Cela rapproche le travail de la fratrie de Marcel Duchamp et de ses « ready-made ». La Sella, une selle de vélo fixée sur un pied lesté façon culbuto, était ainsi conçue pour téléphoner. A une époque où les communications coûtaient cher, son confort était volontairement limité pour ne pas que les conversations s’éternisent… Quant à son faible encombrement, il lui permet d’être installé dans les couloirs, où se trouvaient les téléphones. Le tabouret Mezzadro est lui constitué d’une assise en métal incurvé empruntée aux tracteurs, d’un pied en porte-à-faux et d’un bloc de hêtre pour le stabiliser au sol. Dans les deux cas, le design se fait épuré et lisible, se concentre sur l’ergonomie, ce qui séduit l’éditeur Zanotta, qui commercialisera plus tard ces deux assises.
En 1955, pour sa lampe Luminator, Achille Castiglioni reçoit le premier d’une série de neuf Compasso d’Oro, le prix le plus prestigieux du design italien, dont le dernier décerné en 1989 « pour avoir élevé le design aux plus hautes valeurs de la culture par son expérience irremplaçable ». L’éclairage passionne Achille Castiglioni et il va bientôt avoir l’occasion de le démontrer à grande échelle…
Au début des années 1960, deux industriels milanais réputés, Dino Gavina et Cesare Cassina, créent Flos (fleur en latin) pour éditer des luminaires dans un nouveau matériau synthétique dont ils viennent d’acquérir les droits. Ils sollicitent les frères Castiglioni pour dessiner les premiers modèles. Les lampes Cocoon et Gatto enferment ainsi des ampoules dans une gangue de ce film plastique qui adoucit la luminosité. Au-delà de ce matériau, les Castiglioni débordent d’idées, que Flos ne tarde pas à éditer. Ils livrent une série de projets qui feront son succès (et continuent de le faire soixante ans plus tard !). Prenez Taccia (1962), cette lampe, dont le pied rappelle les cannelures ioniques, est surmontée d’une sorte de saladier en verre surmonté d’une plaque réfléchissante en guise de réflecteur : sculptural et efficace.

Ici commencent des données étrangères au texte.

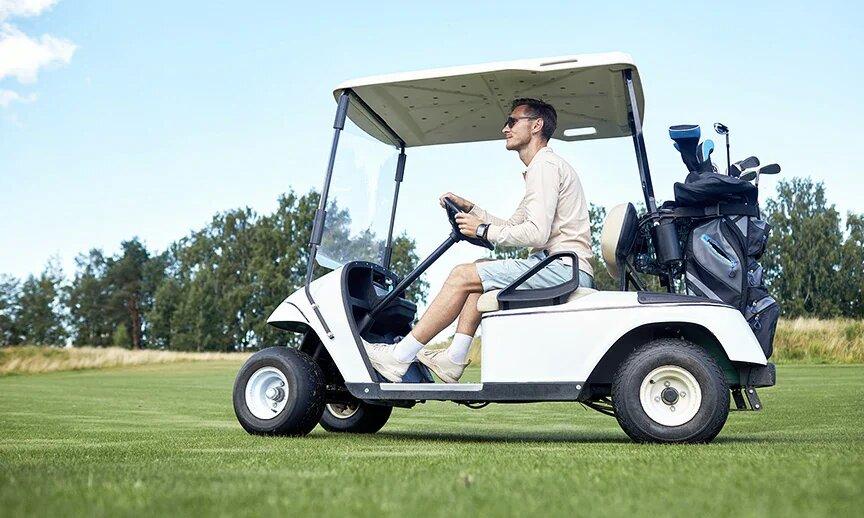 Ultimate Comparison of Electric Golf Cart Batteries Ultimate Comparison of Electric Golf Cart Batteries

La Toio (1962) s’inscrit dans la veine ready-made en perchant un phare de voiture sur un piètement haut minimaliste. Quant à l’Arco (1962), qui devient le best-seller des Castiglioni, il emploie un bloc de marbre de Carrare de 65 kg comme contre-poids à son immense bras qui permet d’amener de la lumière où l’on veut dans son salon.
« Les objets doivent nous tenir compagnie »

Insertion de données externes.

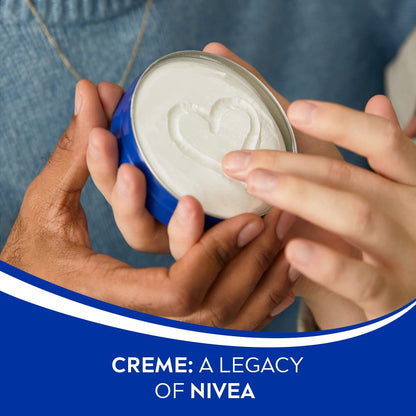 Nivea Creme (60ml)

Au cours des années suivantes, Castiglioni continue ses expérimentations et livre à Flos d’autres modèles iconiques comme la Snoopy (1967), qui s’inspire à la fois de l’allure du fameux chien et des boules de bowling, ou la Parentesi (1971). Sorti trois ans après le décès de son frère, ce modèle est un concentré des recherches d’Achille Castiglioni : une parenthèse de métal (d’où son nom…) coulisse sur un filin de métal vertical et se bloque à la hauteur voulue. Elle était initialement livrée dans un emballage à plat révolutionnaire pour l’époque. Citons enfin la Frisbi (1978), qui elle aussi affiche un design extrêmement lisible en trois parties bien séparées : la suspension, l’éclairage et le diffuseur.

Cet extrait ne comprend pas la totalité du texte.